Возвращение Императора, или Двадцать три ступени вверх (Карпущенко) - страница 111

— Ники, может быть, ты и всем нам купишь такие самокаты, чтобы поскорее добраться до границы?

Он хотел было сказать жене, что ни о какой загранице уже и не помышляет, но, боясь расстраивать Александру Федоровну, возможно, в последние часы своей земной жизни, промолчал. Перекрестил всех детей, обнял жену и пошел в свою спальню, чтобы помолиться перед грядущим испытанием.
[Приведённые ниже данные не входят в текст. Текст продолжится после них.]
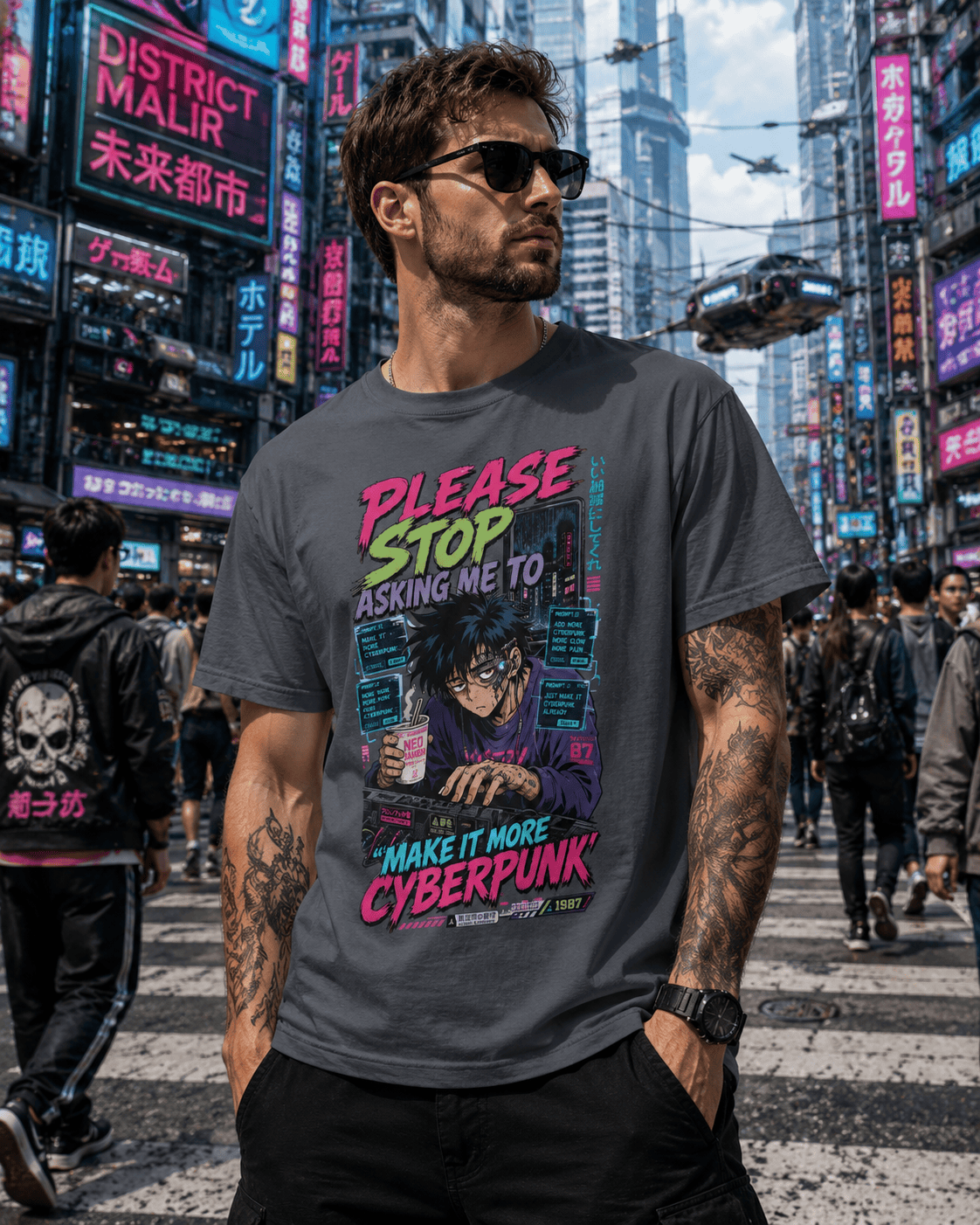 A man wearing a dark gray graphic t-shirt with a cyberpunk-themed print, standing in a busy neon-lit city street.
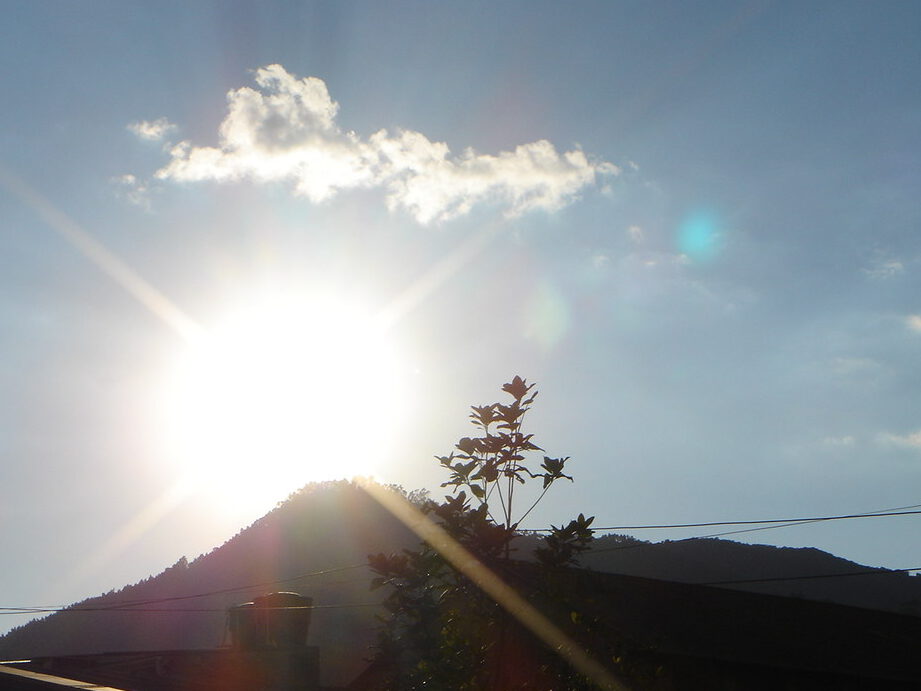 Amanecer brillante sobre una montaña con árbol en primer plano y cielo despejado clima 3.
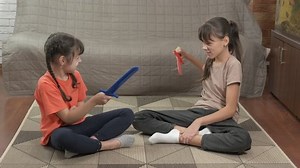 Children fight with sword. Two joyful children fight with blue and red swords on the floor.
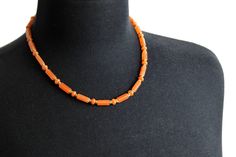 A simply stoned orange necklace... perfect for those who love the color orange and all things that remind you of fall. The natural Orange Aventurine gemstone beads have an alternating pattern of disk and tube with warm brass-tone accents, clasp, and 3 inch chain for adjustable length. Perfect everyday wear! Length: Adjustable from 16.5-19 inches Beads: Natural Orange Aventurine rondelle and tube beads Clasp and accents : antique bronze/brass ABOUT ORANGE AVENTURINE: This gem can vary in color fr Luxury Spiritual Orange Necklace, Stone Choker Necklace, Car Crystals, The Color Orange, Orange Aventurine, Car Charms Mirror, Orange Necklace, Aventurine Stone, Stone Choker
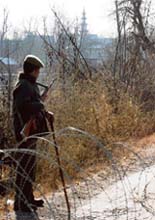 Policemen stand guard outside the mosque where militants hold two civilians hostage in Palnoo village of Kulgam.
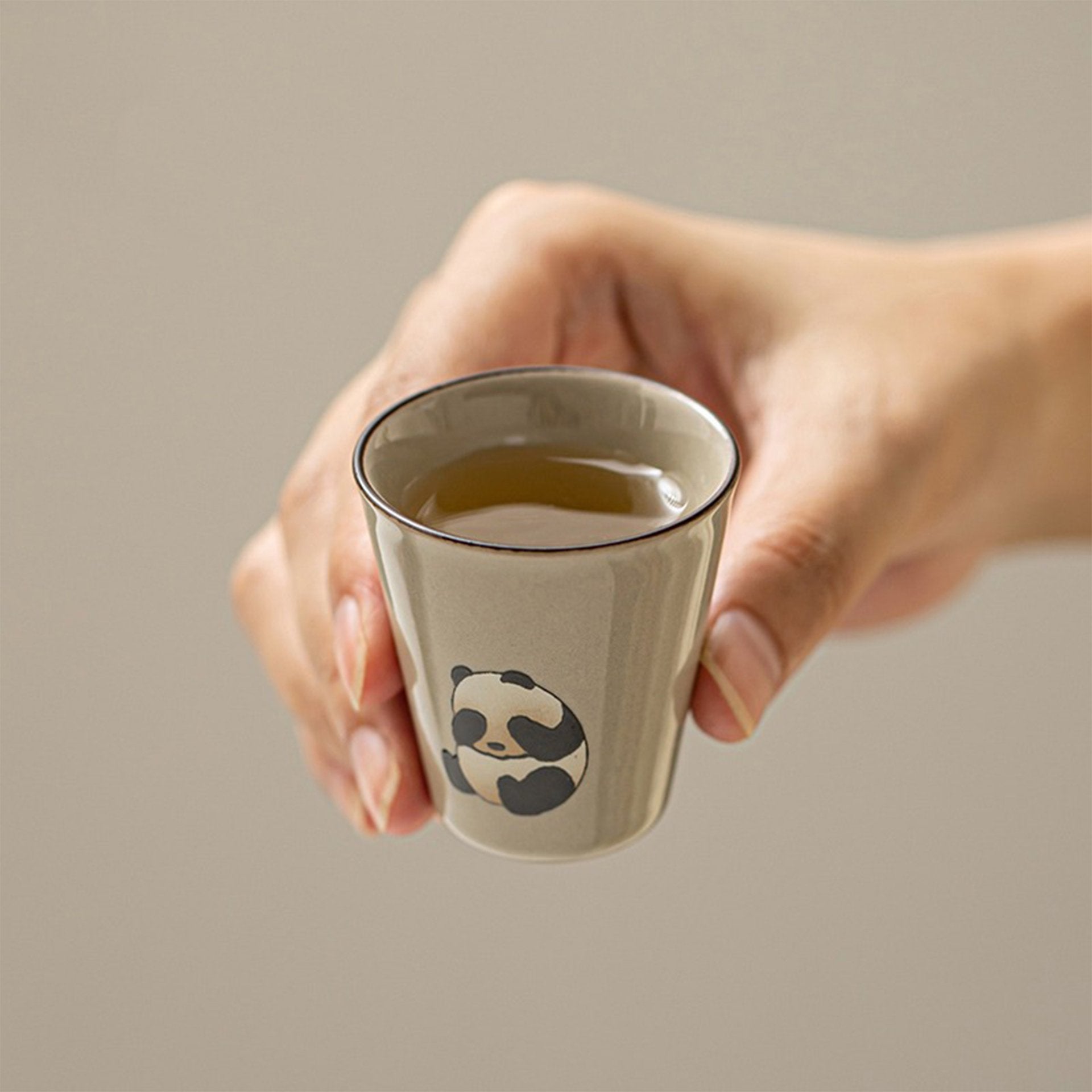 Hand holding a teacup with tea, panda design visible from the front.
"Я должен остаться жив! Я обязан вернуться домой к обеду!" — твердил про себя Николай, направляя велосипед к Неве. Резиновые шины с приятным шелестом разбрызгивали в разные стороны дождевую воду, стекавшую в углубления между прямоугольниками брусчатки, лоб закрывал капюшон очень удобного плаща, в кармане покоился готовый к бою пистолет, а сердце его тревожно ныло, и хотелось, оставив вчерашние намерения, вернуться домой и сесть за кофе с родными, с Томашевским, но странно, чем чаще он вспоминал свою семью, тем острее гнало его вперед именно чувство мести, словно замешанное именно на любви к своим родичам.

"Нет, я не откажусь, буду стрелять в Урицкого, но перед тем, как нажму на гашетку, я обязательно откроюсь главному чекисту: пусть он знает, кто казнит его, пусть перед самой смертью он узнает, что меня, его главного врага, не убили! Да, я сделаю именно так!"

И Николай вкатил велосипед на Дворцовую площадь, а потом поехал вдоль полукруглого фасада Главного штаба к Певческому мосту. Миновав нужный подъезд, Николай остановил велосипед метрах в десяти от него, чтобы подбежать к нему быстро, как только дело возмездия будет свершено. "Едва я выстрелю в Урицкого, сразу вскочу на велосипед и погоню его по Миллионной. Там много узеньких проулков, выводящих к Неве. Сверну за угол, брошу велосипед, плащ, и вот я уже совсем другой человек. Могу выйти на набережную совершенно безбоязненно, никто меня и остановить не посмеет.

Но вдруг простая, даже глупая по своей примитивности мысль подкосила ноги Николая, вставшего у подъезда растерянно, будто его застигли врасплох совершенно неожиданным вопросом.

— А как же я узнаю Урицкого? Ведь я его ни разу не видел! — произнес Николай вслух, но тут же двери подъезда распахнулись, выпуская кого-то. Это вывело его из состояния задумчивости, и он шагнул в плохо освещенный вестибюль.

Здесь уже стояли не вчерашние красноармейцы — их сегодня заменяли другие бойцы, и это порадовало Николая, не желавшего быть узнанным. В вестибюле было жарко, потому что в камине горел огонь, и, наверное, привлеченные уютом, здесь стояли несколько человек, обсыхая, разговаривая между собой. "Тоже с жалобами, как и я", — подумал про себя Николай с неуместной веселостью. Отойдя к стене, он остановился, не убирая с головы капюшон, и одна мысль не давала ему покоя: "Где мне ждать Урицкого? Может быть, на улице? Как я его узнаю?"